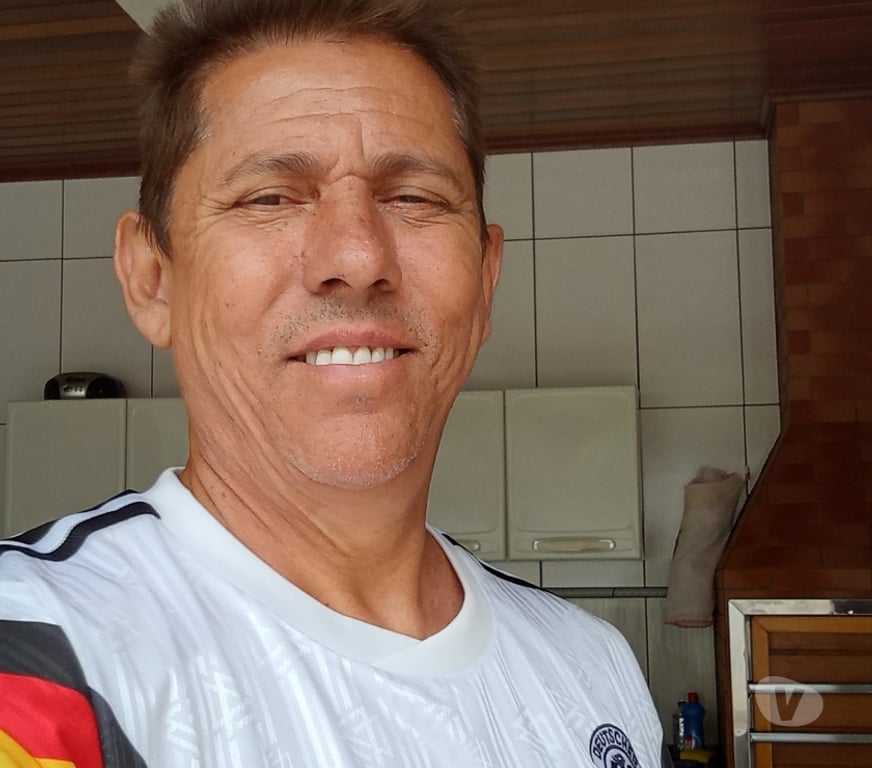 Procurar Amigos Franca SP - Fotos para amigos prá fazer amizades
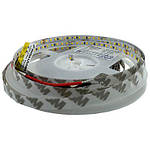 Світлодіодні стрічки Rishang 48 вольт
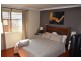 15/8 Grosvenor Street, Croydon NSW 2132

**TASK BRIEF:** Copy the listing character for character, pictures omitted.

**RESPONSE BOX:**
 Procurar Amigos Franca SP - Fotos para amigos prá fazer amizades
 Світлодіодні стрічки Rishang 48 вольт
 15/8 Grosvenor Street, Croydon NSW 2132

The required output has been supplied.